__WHAT YOU WILL DO__. The answer should match the entries that follow exactly, except that no image appears in it.

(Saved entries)
------------

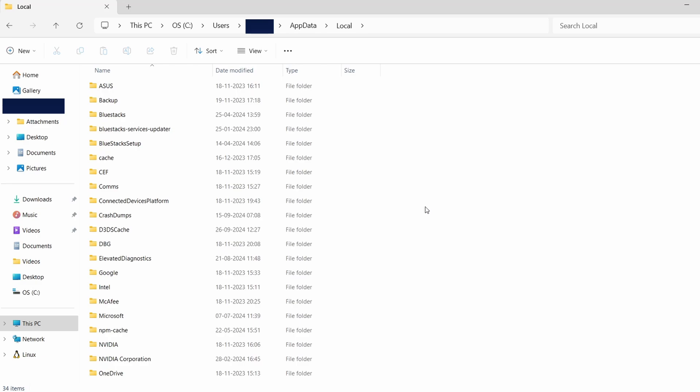Now, while I don't have Car Mechanic Simulator 2021 installed, let's use Poppy Playtime as an example to illustrate the steps. For Poppy Playtime, I'll look for a folder that could be related to the game or its developer.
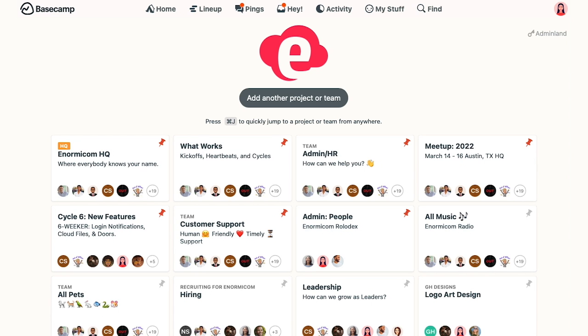Sometimes you have access to a project or team in Basecamp, but you don't want to receive any notifications about it. In a case like that, you can turn off notifications for just that one project by using the following button. So let me show you how this works.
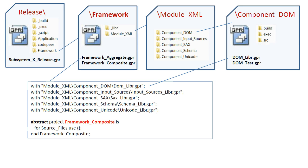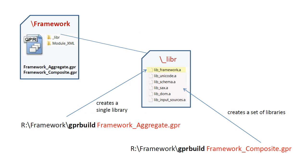So, to summarize, by using Framework Aggregate, we obtain a single library file representing the entire framework. And by using Framework Composite, we obtain a set of library files, one for each component.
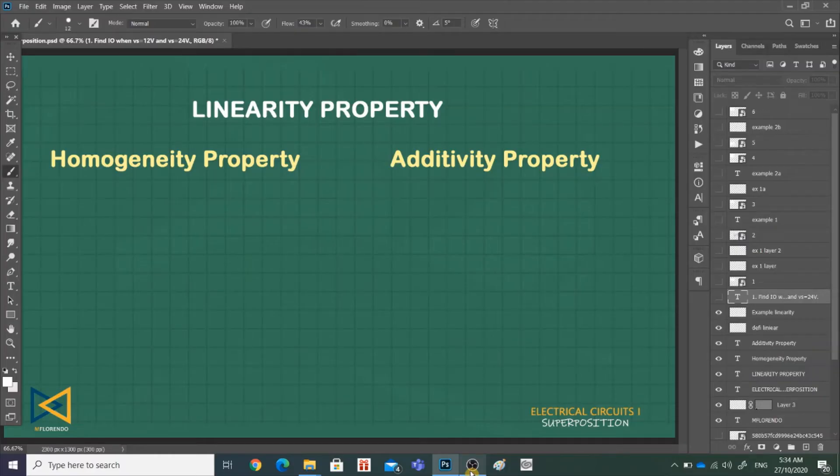Welcome back to our discussion. Our new topic for today is the superposition method of analysis.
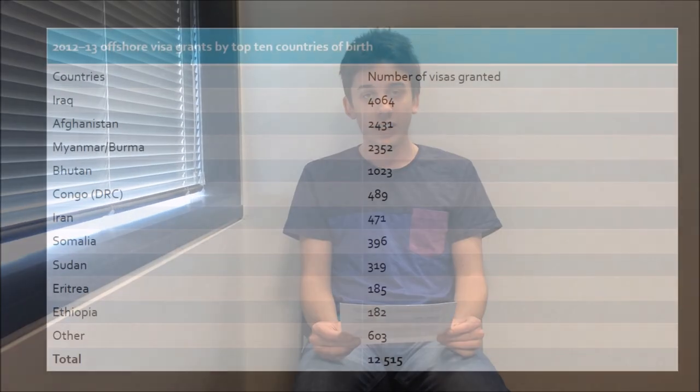The Australian Department of Immigration and Border Protection works hand in hand with the UNHCR when it comes to refugees and the organising of visas and settlement details. It is estimated that in 2012 there were 15.4 million people seeking refugee status worldwide — the largest number seen since 1994. In the time between 2012 and 2013, Australia granted a total of 12,515 offshore visas, 2,012 of which were seeking refugee status, with the highest numbers coming from Iraq, Afghanistan, Myanmar and Burma.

------------

__YOUR RESPONSE__.
Now, while I don't have Car Mechanic Simulator 2021 installed, let's use Poppy Playtime as an example to illustrate the steps. For Poppy Playtime, I'll look for a folder that could be related to the game or its developer.
Sometimes you have access to a project or team in Basecamp, but you don't want to receive any notifications about it. In a case like that, you can turn off notifications for just that one project by using the following button. So let me show you how this works.
So, to summarize, by using Framework Aggregate, we obtain a single library file representing the entire framework. And by using Framework Composite, we obtain a set of library files, one for each component.
Welcome back to our discussion. Our new topic for today is the superposition method of analysis.
The Australian Department of Immigration and Border Protection works hand in hand with the UNHCR when it comes to refugees and the organising of visas and settlement details. It is estimated that in 2012 there were 15.4 million people seeking refugee status worldwide — the largest number seen since 1994. In the time between 2012 and 2013, Australia granted a total of 12,515 offshore visas, 2,012 of which were seeking refugee status, with the highest numbers coming from Iraq, Afghanistan, Myanmar and Burma.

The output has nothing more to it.